IMPORTANT UPDATE:
I messed up.
In the original post and graphic below, I said that the results were almost certainly influenced by the comments on Facebook. But I had no idea by how much.
Since then, Kenny has run another poll, using a different voting system that allows us to see the way votes are cast over time, and we can see a clear and very strong bias introduced into the results by people’s comments on the Facebook thread.
That means the same thing will have happened in the original poll, and I commented there myself, too – meaning I have to accept that I was part of the problem.
In a nutshell, every time someone posts their preference in a Facebook comment, there’s a corresponding boost in votes for their favourite master. In the second poll, the votes for one of the masters trebled in just a few hours after one of the comments, taking it from second place to a commanding lead.
This new information means we really can’t take the results too seriously. My original title for this post was “Humans versus robots: Humans WIN – by a huge margin”. I should have known better. That conclusion isn’t valid, and I let my passion for dynamics (and humans!) got the better of me.
It doesn’t invalidate the poll completely – after all, not everyone will have been influenced by the comments, and if a particular master prompts people to make comments in the first place and people then agree with it, that also tells us something.
But my headline and conclusion in the original version of this post were over the top, and I’ve decided to edit it. I considered removing it completely, but I think it’s a good example of how confirmation bias can influence us all, even when we think we’re immune to it !
So, with all that being said, here’s the original post, with visible strikethrough and comments in italics:
People are always asking me what I think of “automated mastering” – services like LANDR and Aria, for example – or “intelligent” mastering plugins like the mastering assistant in Ozone 8.
So I tested them – or at least, LANDR. Once by myself, and once someone else did it – without my knowledge !
And each time, I concluded that while the results weren’t nearly as bad as you might fear, provided you use the conservative settings, they still weren’t as good as what I could do.
However
Both these tests were non-blind. I didn’t cheat and listen to a LANDR master before doing my own masters, but when listening and comparing I always knew which master was which.
And that means I was open to expectation bias – and so are you, when you’re reading or listening to me talk about them.
So maybe our opinions are influenced by that, and if we didn’t know which was which, we would have made different choices.
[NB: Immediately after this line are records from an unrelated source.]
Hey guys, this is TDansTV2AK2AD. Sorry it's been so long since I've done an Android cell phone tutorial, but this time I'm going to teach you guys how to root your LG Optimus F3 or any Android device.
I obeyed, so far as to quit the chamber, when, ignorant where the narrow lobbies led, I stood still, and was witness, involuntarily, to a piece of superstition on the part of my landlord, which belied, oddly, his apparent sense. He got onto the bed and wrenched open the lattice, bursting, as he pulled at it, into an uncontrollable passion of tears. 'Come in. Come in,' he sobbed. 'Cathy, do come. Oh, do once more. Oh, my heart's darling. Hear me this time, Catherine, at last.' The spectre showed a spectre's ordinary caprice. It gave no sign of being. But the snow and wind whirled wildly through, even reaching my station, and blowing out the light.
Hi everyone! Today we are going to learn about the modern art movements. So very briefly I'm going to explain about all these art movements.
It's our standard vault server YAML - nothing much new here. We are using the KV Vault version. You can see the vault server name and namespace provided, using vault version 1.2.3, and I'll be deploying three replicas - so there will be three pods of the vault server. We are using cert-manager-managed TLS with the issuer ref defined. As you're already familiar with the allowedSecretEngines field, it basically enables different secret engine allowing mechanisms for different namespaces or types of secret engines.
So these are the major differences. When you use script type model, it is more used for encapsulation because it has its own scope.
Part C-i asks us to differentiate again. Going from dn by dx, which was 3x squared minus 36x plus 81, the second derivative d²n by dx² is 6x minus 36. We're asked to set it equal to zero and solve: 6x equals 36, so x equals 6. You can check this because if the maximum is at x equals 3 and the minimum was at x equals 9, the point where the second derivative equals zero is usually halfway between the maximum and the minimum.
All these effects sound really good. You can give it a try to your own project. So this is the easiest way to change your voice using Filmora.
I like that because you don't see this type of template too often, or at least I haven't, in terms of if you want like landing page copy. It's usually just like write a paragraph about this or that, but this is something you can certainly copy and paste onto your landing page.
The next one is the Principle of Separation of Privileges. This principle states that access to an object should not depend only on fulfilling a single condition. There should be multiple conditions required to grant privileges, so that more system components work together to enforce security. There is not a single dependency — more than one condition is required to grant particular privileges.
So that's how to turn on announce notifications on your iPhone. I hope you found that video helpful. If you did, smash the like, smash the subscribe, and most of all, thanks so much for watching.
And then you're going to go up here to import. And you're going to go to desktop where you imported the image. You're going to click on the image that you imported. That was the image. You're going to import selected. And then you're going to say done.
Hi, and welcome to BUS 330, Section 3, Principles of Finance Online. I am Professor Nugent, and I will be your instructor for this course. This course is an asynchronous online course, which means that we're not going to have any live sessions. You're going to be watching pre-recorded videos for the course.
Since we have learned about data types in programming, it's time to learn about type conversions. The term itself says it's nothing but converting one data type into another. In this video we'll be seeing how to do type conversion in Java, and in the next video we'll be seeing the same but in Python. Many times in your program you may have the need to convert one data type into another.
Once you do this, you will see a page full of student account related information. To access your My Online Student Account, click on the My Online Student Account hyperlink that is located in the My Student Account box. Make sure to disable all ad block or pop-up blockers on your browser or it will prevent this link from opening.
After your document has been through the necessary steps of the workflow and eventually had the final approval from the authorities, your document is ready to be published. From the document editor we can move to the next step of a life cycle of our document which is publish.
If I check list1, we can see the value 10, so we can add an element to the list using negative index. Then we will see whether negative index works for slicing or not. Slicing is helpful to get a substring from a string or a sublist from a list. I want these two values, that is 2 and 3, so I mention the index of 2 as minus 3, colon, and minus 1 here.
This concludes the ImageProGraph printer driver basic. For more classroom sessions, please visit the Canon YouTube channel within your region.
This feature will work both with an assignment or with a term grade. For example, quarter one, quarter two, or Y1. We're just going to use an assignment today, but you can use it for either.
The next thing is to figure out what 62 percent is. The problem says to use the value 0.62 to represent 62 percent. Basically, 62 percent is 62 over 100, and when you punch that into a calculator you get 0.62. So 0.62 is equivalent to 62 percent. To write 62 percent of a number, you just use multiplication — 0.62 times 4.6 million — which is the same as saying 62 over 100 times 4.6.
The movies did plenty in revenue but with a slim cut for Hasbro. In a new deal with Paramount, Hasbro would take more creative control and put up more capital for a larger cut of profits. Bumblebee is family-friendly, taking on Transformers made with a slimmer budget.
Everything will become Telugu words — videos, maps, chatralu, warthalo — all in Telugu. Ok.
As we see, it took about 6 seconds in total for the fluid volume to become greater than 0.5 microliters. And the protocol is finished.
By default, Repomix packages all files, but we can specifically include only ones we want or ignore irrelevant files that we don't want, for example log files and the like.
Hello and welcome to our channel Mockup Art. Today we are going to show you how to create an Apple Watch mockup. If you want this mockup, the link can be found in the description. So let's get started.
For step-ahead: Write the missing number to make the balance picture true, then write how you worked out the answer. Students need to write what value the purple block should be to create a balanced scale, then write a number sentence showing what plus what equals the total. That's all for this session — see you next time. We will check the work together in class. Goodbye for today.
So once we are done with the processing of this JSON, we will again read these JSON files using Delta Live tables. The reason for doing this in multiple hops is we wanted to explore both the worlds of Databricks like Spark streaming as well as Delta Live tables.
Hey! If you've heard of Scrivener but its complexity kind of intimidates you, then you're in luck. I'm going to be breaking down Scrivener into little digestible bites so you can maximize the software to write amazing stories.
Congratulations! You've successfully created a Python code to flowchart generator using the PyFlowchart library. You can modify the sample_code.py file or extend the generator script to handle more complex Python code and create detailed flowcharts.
In fact Graham’s test wasn’t loudness-matched, which could also influence the results. The different versions were close, and in fact mine was a little quieter than the others, which should have been a disadvantage in theory – but you know me: it’s not a valid test if it’s not loudness-matched, as far as I’m concerned.
Just recently though, Kenny Gioia did something different.
Kenny’s Test
Kenny created six different masters of the same song – three by humans, three by machines. And not just any humans – one of the masters was by an unknown engineer at Sterling Sound, one was by John Longley, and the third was by none other than Steven Slate. Steven doesn’t claim to be a mastering engineer, but he certainly knows his way around a studio !
For the machines, Kenny asked members of his Facebook group which services to use, resulting in the choices of LANDR, Aria and Ozone 8.
Kenny then set up a poll, and asked people to listen and vote for the masters they liked best.
And here’s where it gets interesting
First, Kenny made the files anonymous, so that no-one could tell which was which – and second, he loudness-matched them, so that listeners wouldn’t be fooled by the ‘loudness deception‘.
Which means that provided people didn’t look at the waveforms, there was no way to tell which was which, except by listening.
As far as I know, this is the first time a blind, loudness-matched poll like this has been done.
[Edit – we now know it wasn’t nearly blind enough – see above !]
And the results were fascinating interesting
You can see a summary of how they came out in this infographic, illustrated with analysis of the dynamics of each master using my Dynameter plugin, but I wanted to take a little more time to make some extra comments here. First though, the disclaimer:
We need to remember this wasn’t a scientific test, even though it was loudness-matched and [kind of] blind. People could see how other people were voting, which results in a subtle kind of peer pressure. You can download the files and look at the waveforms, or measure them in other ways, so people might have made decisions based on that, rather than the sound alone. And perhaps most importantly of all, people were commenting and discussing what they heard all the while the poll was running – which results in a distinctly un-subtle form of peer pressure bias !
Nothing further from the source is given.